相変わらず暑くて寝苦しい日が続きますね。
最近は部屋の窓を開けてないと酸欠になりそうです。
皆さんも熱中症などにお気をつけて。
そんなこんなで本日紹介するのは、年々勢力を強めているサメコンテンツの要素を全面に押し出したスラッシャーホラー。
今作に登場するサメは神出鬼没な幽霊体で「普段は電子の海に潜み、パソコンやスマホの画面から飛び出してきて人間を襲う」という恐ろしげな能力を持っています。
サメ映画界では割とありがちというか控えめな設定ですね。
本作はあらすじにもある通り「ネット上の誹謗中傷やデマ」という社会問題をテーマにしていて、その被害者が社会に復讐するというストーリーがしっかりと描かれています。

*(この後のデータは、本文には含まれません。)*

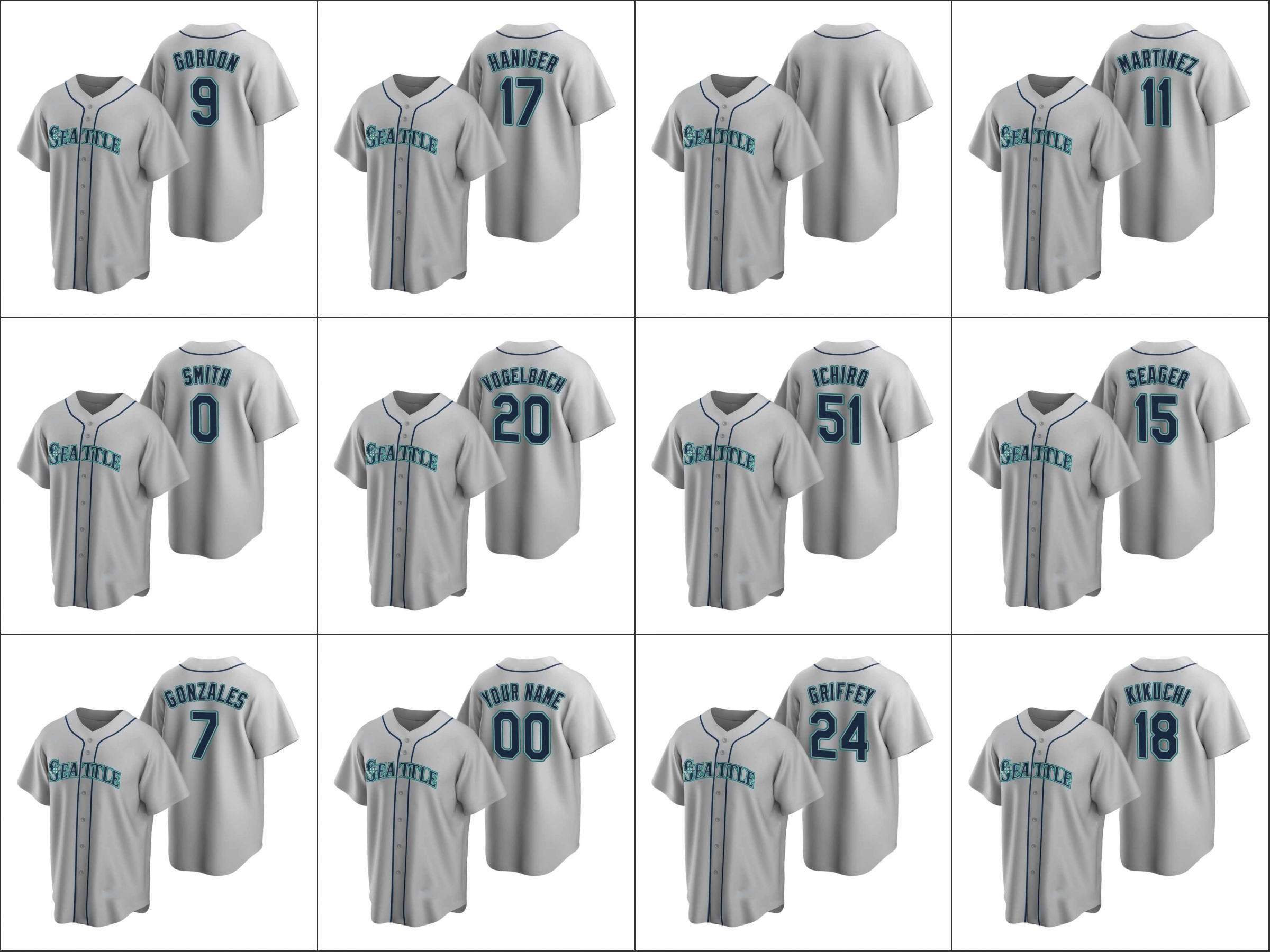Seattle Mariners #24 Ken Griffey Jr. 11 Edgar Martinez 51 Ichiro Suzuki Men Women Youth Custom Gray Replica Road Jersey
Seattle Mariners #24 Ken Griffey Jr. 11 Edgar Martinez 51 Ichiro Suzuki Men Women Youth Custom Gray Replica Road Jersey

サメコンテンツは下手に手を出すと物語部分がおろそかになりがちですが、本作は社会派サメ小説としての読み応えがあって、個人的にはとてもバランスが良いと思いました。
【本作の良いところ】
なんといってもスラッシャーパートの爽快感と背徳感がやばいです。
本作のサメの被害者はみな、誹謗中傷やデマ拡散に加担したネットユーザーたち。
作中では徹底的にゲスな悪人として描かれているので、次々とサメに喰い殺されても自業自得感があってあまり同情が沸きません。
描写もマイルドですし。
なので読み手としてもストレスを感じにくいですし、テンポよくどんどん被害が拡大していくさまは妙な爽快感があるんですよね。
これはサメを応援しながら読むべき作品だと感じました。
一方、作品から一歩離れて考えてみると、気軽に誰かを傷つけることができるこのネット社会に生きている私たちもまた、いつかこの被害者たちと同じ末路を迎えないとも限りません。
無意識なネット投稿で、傷つく誰かがいるかもしれないのですから。
ネット上における加害者と被害者がいつでもひっくり返るコインの表裏であることも、本作では実に丁寧に描かれています。
ネット上での物言いには気を付けようと改めて思わされました。
【本作の気になった点】
ジャンルの宿命とは思いますが、サメが出てくるとどうしてもホラー感が薄れてしまいますね。
もし予算が豊富な映画だったらかなり映えそうなシーンがたくさんあるのですが、文章で読むとサメの怖さがいまいち伝わらないというか、どうしても妙なシュールさがぬぐえませんでした。
作者さんも作品タグに「コメディ」ってつけちゃってますし。
その割にはネットの闇や死者の怨念の描写にかなり陰湿なリアリティがあり、サメの出てくるシーンと大きなギャップがあります。
怖さと笑いが交互にくる感じですね。
このあたり、人によってはちぐはぐな読書体験になるかもです。
あとこれはわざとっぽいですが、所々で設定がガバガバなのもホラー感を損なってますね。
死んだアイドルがネット全体を呪うところまでは分かるのですが、なんで幽霊サメに化けたのかの説明は最後まで一切されませんでした。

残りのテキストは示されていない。